The HTTP response will be displayed in the Body area below. My response is included below. I'll let you examine the HTTP response from LUIS on your own.

{
    "query": "pikachu sit down on the ground",
    "topScoringIntent": {
        "intent": "Sit",
        "score": 0.956479847
    },
    "intents": [
        {
            "intent": "Sit",
            "score": 0.956479847
        },
        {
            "intent": "ActAngry",
            "score": 0.0324947946
        },
        {
            "intent": "Sing",
            "score": 0.00468421541
        },
        {
            "intent": "Wave",
            "score": 0.00439580763
        },
        {
            "intent": "None",
            "score": 0.00238293572
        },
        {
            "intent": "Scratch",
            "score": 0.00228275615
        },
        {
            "intent": "Jump",
            "score": 0.00204163464
        },
        {
            "intent": "Wink",
            "score": 0.00131020416
        }
    ],
    "entities": [
        {
            "entity": "pikachu",
            "type": "Pokemon",
            "startIndex": 0,
            "endIndex": 6,
            "resolution": {
                "values": [
                    "Pikachu"
                ]
            }
        }
    ]
}

As you can see, LUIS returns the query we passed pikachu sit down on the ground, and all of the intents it believes are applicable, with associated confidence percentages. It also selects the top-ranking intent and displays it separately. Finally, LUIS returns any entities it identifies, and indicates where in the query the entity occurred.

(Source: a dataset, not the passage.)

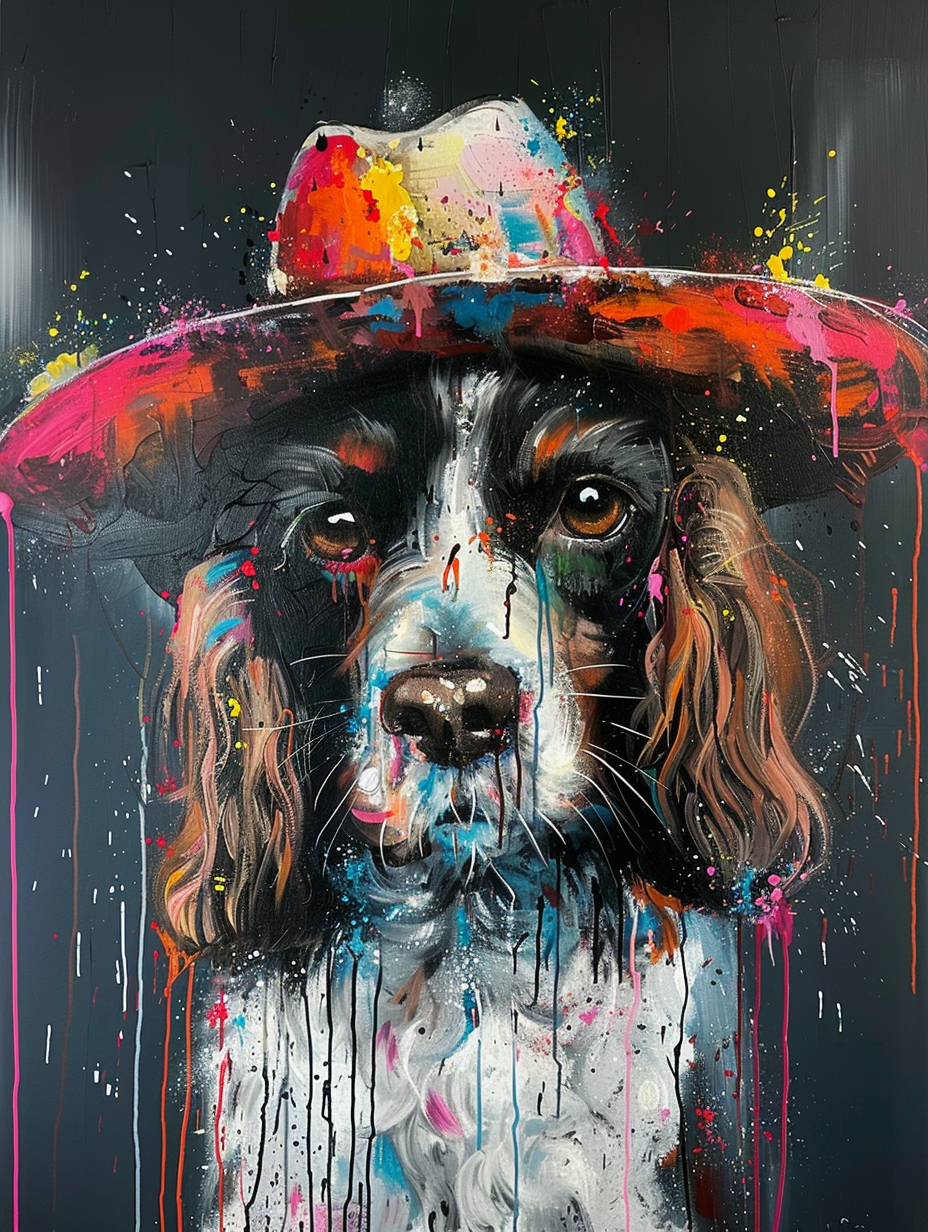 Colorful space Cocker Spaniel dog with a hat Expressive surreal Poster # F025134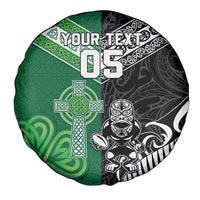 New Zealand And Ireland Rugby Custom Spare Tire Cover Maori Tiki With Shamrock LT05 - Polynesian Pride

Pretty cool, and easy to use.

This concludes the exercise.

Now that you understand how to send data to LUIS via an HTTP GET and what the output of a LUIS request looks like, let's jump into the web site you published to Azure.

Testing LUIS through the Speech Recognition web app

Exercise: Testing LUIS in your web app

Return to your laptop, not the VM you've bee using. Navigate to the Speech recognition web app you published to Azure earlier. My URL was https://workshopwebapp.azurewebsites.net/.

This time, enter your STT endpoint URL, STT Subscription key, check the LUIS checkbox, and add your LUIS endpoint base URL, and LUIS subscription key.

LUIS Endpoint base URL

The LUIS endpoint URL should be everything before the query string in the LUIS endpoint URL. For example, mine is https://eastus.api.cognitive.microsoft.com/luis/v2.0/apps/6f0e678b-212c-4d4e-b0cc-967cb57f0a3a. Do not include the query string.

With LUIS enabled on the web site, test it out. Using the Start and Stop buttons, speak a few phrases:

  • pikachu sit down
  • jigglypuff don't sing that loud, i'm trying to sleep

Check out the results!

Sweet!

Now, how does it all work? Well, I'll let you check out the JavaScript code on your own in the MVC app. Here's a hint: check out the UpdateRecognizedPhrase JavaScript function in the Index.cshtml view.

This concludes the exercise.

Wow. So, we have a full end-to-end solution for performing speech-to-text analysis, identifying the intent of the text, and reacting to the identified intent. Congratulations on sticking it out.

I have a few more things to share, so you're not finished yet.

Final Challenge

Starting from the beginning with the Speech to Text Service (acoustic & language data sets, models, and deployments), add some more Pokemon to the mix. Then update the LUIS intents, entities, and phrase lists. Finally, add more images to the web site and deploy it all to Azure.

Super Double Secret Probation Challenge

As you can see, I desperately need help styling the web site that's part of this workshop. Submit a PR to my Github repo! Please. Someone.

Increasing LUIS Accuracy

Earlier in the workshop, you learned how to use phrase lists to increase the accuracy of your LUIS app. But that's not the only way. LUIS has adaptive learning capabilities and the ability to update the trained LUIS model by validating the generated intent and entity hypothesis of queries it has processed.

We're not going to cover this in the workshop, but you should check out the Review endpoint utterances area of your Pokemon app.

That's officially the end of the workshop. Thank you for your time! I hope you enjoyed learning some of the advanced artificial intelligence offerings on Azure!

Go forth and build some modern apps!